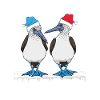 Blue-footed Christmas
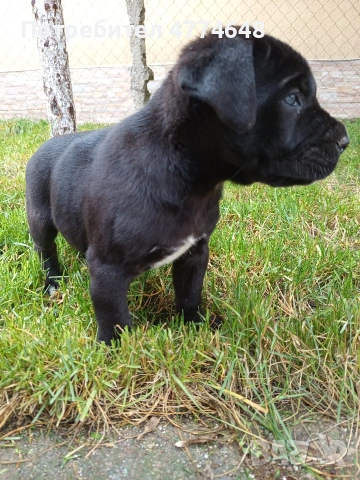 Кане корсо, снимка 6 - Кане корсо - 53966614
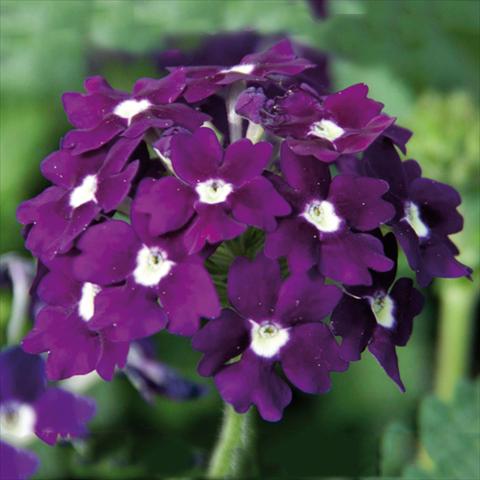 Photos von Blumenvarianten benutzt als: Topf Verbena Blues® Velvet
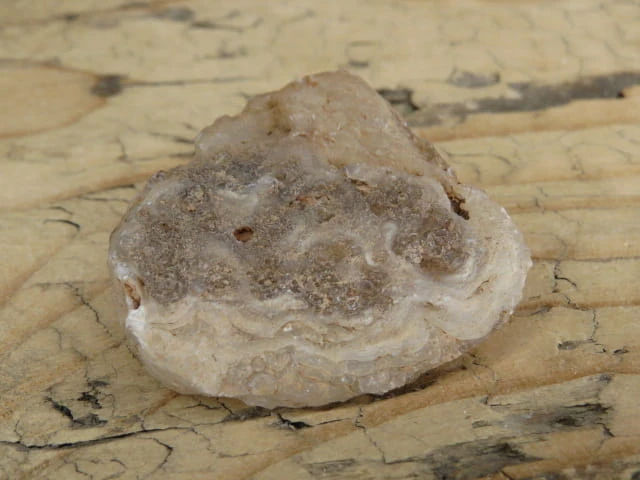 agat z geodą Brazylia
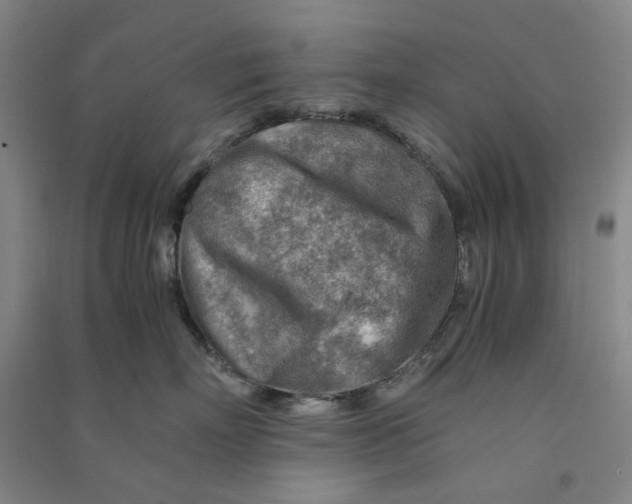 X0000090880718200708171645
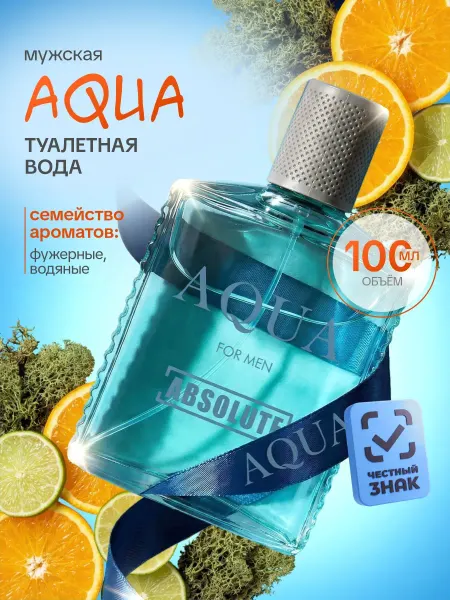 Today parfum Туалетная вода мужская свежесть Absolute Aqua 100мл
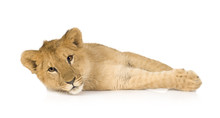 Lion Cub (6 Months)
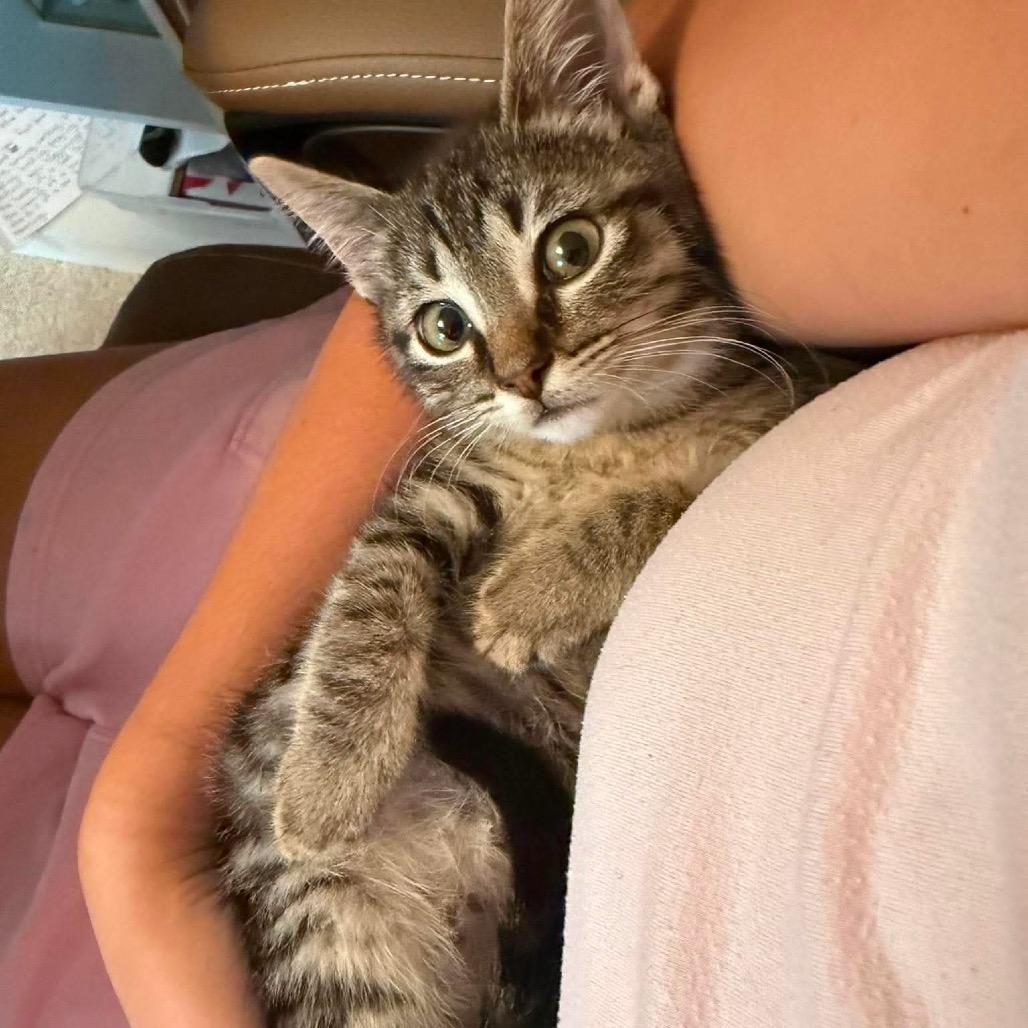 Enlarge Sophie, a Adoptable Domestic Short Hair in West Olive, MI image 5/5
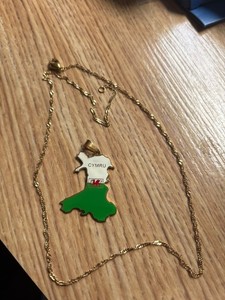 Authentic Welsh Flag Cymru Dragon detail Necklace pendant Gold plated
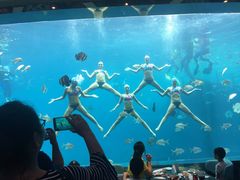 -瑞德姆美人鱼海底演艺主题餐厅(亚龙湾店)
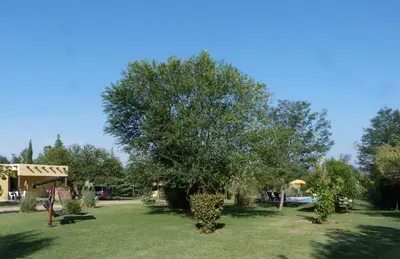a tree in the middle of a yard at Yerba Buena casas de campo - Nono in Nono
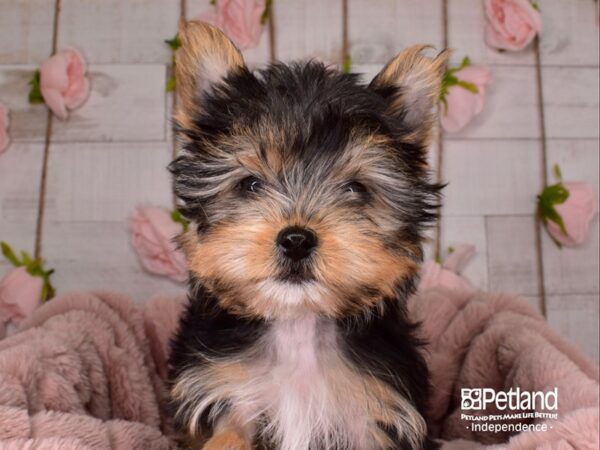 Yorkshire Terrier-DOG-Male-Black and Tan-3586-Petland Independence, Missouri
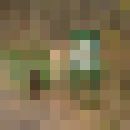 ���������� ��������, ���� ������� Xoyxoy, 56 ���, ������������ ��� ������, ����� � ���������, c�������� ���������, ���������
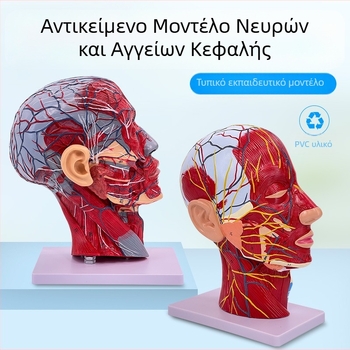 Μοντέλο ανατομίας κεφαλής και αυχένα με εγκεφαλοαγγειακές και προσώπου νευροαγγειακές δομές (Μάρκα: Blue Butterfly; Υλικό: Βινύλιο; Κατηγορία: Κεφάλι)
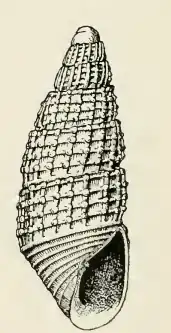 Odostomia excelsa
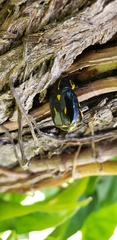 Rutela lineola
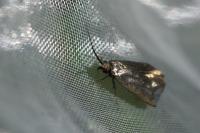 Adela reaumurella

— What the task asks —
The line containing "a tree in the" and each line after it through the end of the listing above are to be written out exactly, without the pictures.

— Answer area —
a tree in the middle of a yard at Yerba Buena casas de campo - Nono in Nono
 Yorkshire Terrier-DOG-Male-Black and Tan-3586-Petland Independence, Missouri
 ���������� ��������, ���� ������� Xoyxoy, 56 ���, ������������ ��� ������, ����� � ���������, c�������� ���������, ���������
 Μοντέλο ανατομίας κεφαλής και αυχένα με εγκεφαλοαγγειακές και προσώπου νευροαγγειακές δομές (Μάρκα: Blue Butterfly; Υλικό: Βινύλιο; Κατηγορία: Κεφάλι)
 Odostomia excelsa
 Rutela lineola
 Adela reaumurella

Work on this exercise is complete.